Skip navigation (Press enter)

No Ubi-Sanctioned Co-Streaming, but Brazilian Streamers Find Workaround

Despite Ubisoft disallowing the costreaming of pro-games, a number of Brazilian streamers have found a useful workaround.

No Ubi-Sanctioned Co-Streaming, but Brazilian Streamers Find Workaround

With the start of the 2021 season last month, a number of prominent streamers -- most notably recently-retired pros Niclas "Pengu" Mouritzen and Troy "Canadian" Jaroslawski -- had announced that they had been given permission to co-stream the upcoming NA and EU League matches.

This meant they would be watching the games on their own stream in what is in effect a massive watch party. This gets the streamer's viewers to watch the games as well and acts as an additional advertisement avenue for the pro-tier games.

Despite its advantages and use in most other esports, Ubisoft then rescinded its permissions to co-stream games just ahead of the league's start.
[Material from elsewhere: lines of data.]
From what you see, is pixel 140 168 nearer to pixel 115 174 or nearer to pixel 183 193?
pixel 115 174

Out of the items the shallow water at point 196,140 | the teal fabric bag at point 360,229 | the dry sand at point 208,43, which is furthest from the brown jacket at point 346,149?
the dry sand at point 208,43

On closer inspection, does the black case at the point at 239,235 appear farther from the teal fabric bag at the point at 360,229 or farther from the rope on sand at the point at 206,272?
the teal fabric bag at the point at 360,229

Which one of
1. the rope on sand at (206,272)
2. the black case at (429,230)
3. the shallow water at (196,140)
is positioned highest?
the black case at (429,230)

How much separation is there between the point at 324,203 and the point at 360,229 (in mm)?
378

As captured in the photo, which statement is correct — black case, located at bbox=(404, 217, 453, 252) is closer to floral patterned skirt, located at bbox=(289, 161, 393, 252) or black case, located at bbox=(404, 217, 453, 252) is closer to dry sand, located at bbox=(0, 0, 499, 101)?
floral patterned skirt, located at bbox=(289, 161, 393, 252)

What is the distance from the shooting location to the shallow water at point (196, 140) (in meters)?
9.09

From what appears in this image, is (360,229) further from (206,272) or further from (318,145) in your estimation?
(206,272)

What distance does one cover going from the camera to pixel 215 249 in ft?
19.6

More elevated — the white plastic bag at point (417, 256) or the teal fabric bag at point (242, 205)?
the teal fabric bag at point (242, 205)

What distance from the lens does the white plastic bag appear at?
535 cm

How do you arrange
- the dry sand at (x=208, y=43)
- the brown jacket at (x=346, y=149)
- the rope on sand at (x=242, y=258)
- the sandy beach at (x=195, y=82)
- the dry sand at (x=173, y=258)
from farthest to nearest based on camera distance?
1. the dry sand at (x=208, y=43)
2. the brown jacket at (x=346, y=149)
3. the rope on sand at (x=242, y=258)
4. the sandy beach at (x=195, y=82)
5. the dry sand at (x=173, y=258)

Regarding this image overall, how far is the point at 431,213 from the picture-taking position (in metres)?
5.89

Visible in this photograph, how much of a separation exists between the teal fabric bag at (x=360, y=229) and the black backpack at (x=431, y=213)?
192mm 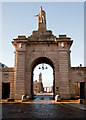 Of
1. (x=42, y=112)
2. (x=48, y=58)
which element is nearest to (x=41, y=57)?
(x=48, y=58)

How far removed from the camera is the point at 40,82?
62812 mm

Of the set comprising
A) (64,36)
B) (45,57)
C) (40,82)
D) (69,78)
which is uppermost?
(64,36)

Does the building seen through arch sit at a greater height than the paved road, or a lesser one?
greater

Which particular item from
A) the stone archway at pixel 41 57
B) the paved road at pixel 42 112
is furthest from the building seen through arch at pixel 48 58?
the paved road at pixel 42 112

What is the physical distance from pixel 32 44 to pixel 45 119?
16.4 meters

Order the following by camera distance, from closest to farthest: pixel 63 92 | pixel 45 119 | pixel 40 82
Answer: pixel 45 119 → pixel 63 92 → pixel 40 82

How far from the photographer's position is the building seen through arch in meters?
21.9

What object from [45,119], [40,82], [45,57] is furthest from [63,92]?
[40,82]

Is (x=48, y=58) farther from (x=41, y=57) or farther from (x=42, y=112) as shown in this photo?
(x=42, y=112)

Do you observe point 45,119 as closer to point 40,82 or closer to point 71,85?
point 71,85

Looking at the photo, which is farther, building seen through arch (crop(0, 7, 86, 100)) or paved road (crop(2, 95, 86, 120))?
building seen through arch (crop(0, 7, 86, 100))

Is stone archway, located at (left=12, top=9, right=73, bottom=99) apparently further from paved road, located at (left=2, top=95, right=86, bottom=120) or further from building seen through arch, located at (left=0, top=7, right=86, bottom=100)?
paved road, located at (left=2, top=95, right=86, bottom=120)

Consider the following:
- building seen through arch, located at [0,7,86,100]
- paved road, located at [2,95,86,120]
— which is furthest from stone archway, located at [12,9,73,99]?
paved road, located at [2,95,86,120]

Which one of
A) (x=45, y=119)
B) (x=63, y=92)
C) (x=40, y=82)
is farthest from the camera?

This is possibly due to the new Twitch drops that were announced, which, for the first time this season, drop exclusive items during the online season.

Nevertheless, a number of big streamers representing the top organisations in the Brasileirão league have each been covering the games regardless in an alternative way to "co-stream", by running "reaction streams" instead.

This sees the streamer broadcast their face-cam which, when watched as part of a Twitch multi-stream, works similar to a co-stream:

A screenshot of gohaN's multistream while watching March 28th BR6 stream.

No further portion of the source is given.